How is it that the deep past also conjures the far-off future? From one extreme, the tangible relics of distant civilisations; from the other, the unimaginable state of the world centuries from now. Julien Dossena’s latest collection emerges in the realm of a mirage, where the myths and artefacts that endure collide with the stories dreamt up, where reality blurs with illusory.
This archaeological expression of Rabanne is grounded in the present owing to its materiality and feeling. It is a reflection on both the handcraft involved in the earliest garments and on the evolution of handcraft today. It is also an exploration of the rapport between tactility and sensuality. From one look to the next, the body is highly adorned and provocatively revealed.
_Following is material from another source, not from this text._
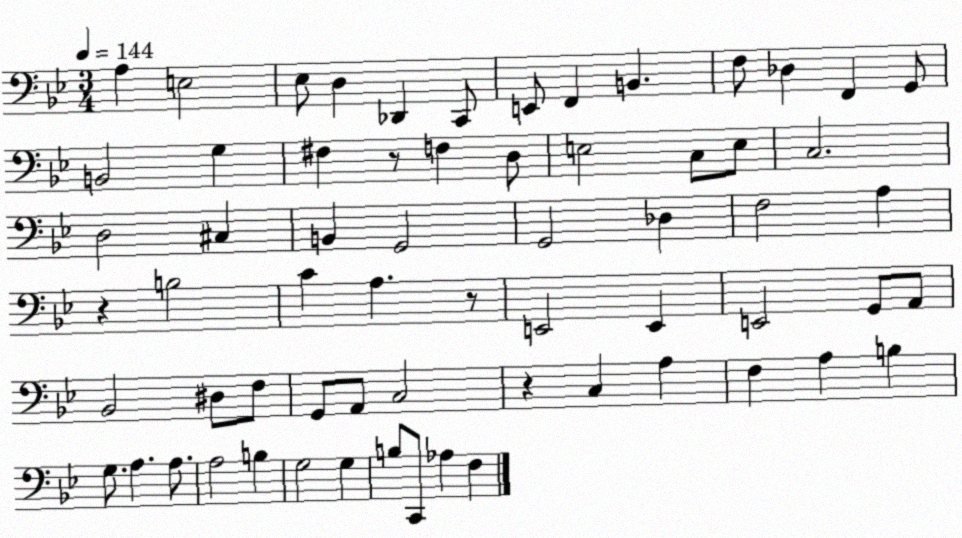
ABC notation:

A powerful feminine representation takes shape: statuesque, fearless, and traversing time.
Traditional clothing and coverings such as sarouel pants, folded-over scarf tops, and draped skirts and shorts are reinterpreted and embellished with geometric metallic embroidery, metal fringe and lacing. Raw, rustic fabrics interplay with elaborate beading, while loose gold threads suggests a state of beautiful decay. Yet there is a parallel modern story: sharply tailored jackets boast alluring gathered fronts, basque waistlines are worked from different angles, and slouched trousers signal a grunge attitude.
Draping, meanwhile, draws closely from depictions of antique marble statuary – from delicate folds of fabric folds to serigraphic prints that realistically capture the light and shadow. Knit and woven looks in wool and hemp pay homage to Sheila Hicks, as contoured silhouettes give way to densely layered fibre volumes.
Skin isn’t simply exposed, it is engaged in the material experience: the swishing of liquid metal mesh against the leg, the frisson from an assemblage of honed wood discs and peacock feathers. Beyond the black, gold and silver that are emblematically Rabanne, gradient desert tones, luminous copper and cool shades of blue and lilac further highlight the skin.
Sculptural hardware gives a mystical flourish, whether forehead pendants, belts comprised of gleaming spheres or sandals enhanced with rock crystals. Openwork boots with curving soles boast a pattern of fine straps that climb up the leg as a twist on the gladiator style.
Finally, Dossena revisits Nues, the iconic series by photographer Jean Clemmer in collaboration with Paco Rabanne featuring women who were nearly nude apart from the chain assemblage that encircled, cascaded and draped from their bodies.
At once erotic and poetic, these images from 1962 appear on tank tops, including one worn with a dress of Swarovski crystals and metal mesh. The effect is like a reverse mimesis emphasising the ever-present mystery and desire of Rabanne.